GoogleNet transfer learning

I have been trying to use transger learning in google net on the vgg-face dataset and it takes too long and does not seem to progress in learning eventhiugh the learning_step is quite low
Here is the code on getting the features form google net and trianing the model:

class cvv_train(nn.Module):
  def __init__(self, num_classes):
    super(cvv_train, self).__init__()
    
    # import googlenet
    googletnet = torch.hub.load('pytorch/vision:v0.10.0', 'googlenet', pretrained=True)
    
    # feature extraction
    self.feature_extractor = nn.Sequential(*list(googletnet.children())[:-2])# pool5-drop_7x7_s1

    self.final = nn.Sequential(
            nn.Linear(googletnet.fc.in_features, num_classes), nn.BatchNorm1d(num_classes, momentum=0.01)
        )
  def forward(self, x):
    #no gradient/backpropagation for learning
    with torch.no_grad():
        x = self.feature_extractor(x) #assume: 1024x1x1
    x = x.view(x.size(0), -1) #assume: 1024x1
    return self.final(x) #assume: 512x1
for epoch in range(100):

  epoch_metrics = {'loss': [], 'acc':[]}
  prev_time = time.time()
  print(f"--- Epoch {epoch} ---")
  for batch_i, (X, y) in enumerate(train_dataloader):
    if X.size(0) == 1:
        continue

    image_sequences = Variable(X.to(device), requires_grad=True)
    labels = Variable(y[0].to(device), requires_grad=False)

    optimizer.zero_grad()

    # Get sequence predictions
    predictions = model(image_sequences)
    del image_sequences

    # Compute metrics
    loss = cls_criterion(predictions, labels)
    acc = 100 * (predictions.detach().argmax(1) == labels).cpu().numpy().mean()
    del labels

    loss.backward()
    optimizer.step()

    # Keep track of epoch metrics
    epoch_metrics["loss"].append(loss.item())
    epoch_metrics["acc"].append(acc)

    # Determine approximate time left
    batches_done = epoch * len(train_dataloader) + batch_i
    batches_left = 20 * len(train_dataloader) - batches_done
    time_left = datetime.timedelta(seconds=batches_left * (time.time() - prev_time))
    prev_time = time.time()

    # Print log
    sys.stdout.write(
        "\r[Epoch %d/%d] [Batch %d/%d] [Loss: %f (%f), Acc: %.2f%% (%.2f%%)] ETA: %s"
        % (
            epoch,
            20,
            batch_i,
            len(train_dataloader),
            loss.item(),
            np.mean(epoch_metrics["loss"]),
            acc,
            np.mean(epoch_metrics["acc"]),
            time_left,
        )
    ) 
    # Empty cache
    if torch.cuda.is_available():
        torch.cuda.empty_cache()


  # Evaluate the model on the test set
  test_model(epoch)

  # Save model checkpoint
  if epoch % 5 == 0:
      os.makedirs("model_checkpoints", exist_ok=True)
      torch.save(model.state_dict(), '/content/gdrive/My Drive/ColabNotebooks/Emotion_rec_2/cnn_training/{}.pth'.format(epoch))
  exp_lr_scheduler.step()
  # shuffle train_dataloader again
  train_dataloader = DataLoader(train_set_load, batch_size=32, shuffle=True, num_workers=4)   
        

Here are some extra lines of code:

cls_criterion = nn.CrossEntropyLoss().to(device)
optimizer = torch.optim.Adam(model.parameters(), lr=1e-4)
exp_lr_scheduler = torch.optim.lr_scheduler.StepLR(optimizer, step_size=7, gamma=0.1)

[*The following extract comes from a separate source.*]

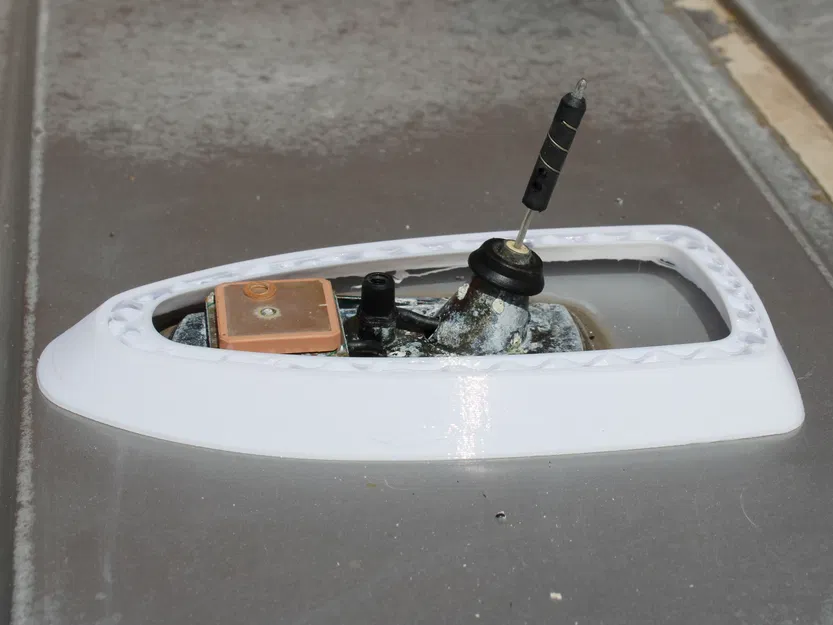 Ốp Vây Cá Mập Cho Ăng-ten Xe W639 | Viano & Vito - Image 10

However after more than 150 epochs the loss decreased from 6.1 to 4.2 but it can get down to 3.7 sometimes ) per epoch.
I am training the model on 302 classes (less than the available classes in vgg-face) However the accuaracy does not exceed 27%.
Am I doing something wrong or do you have any suggestions?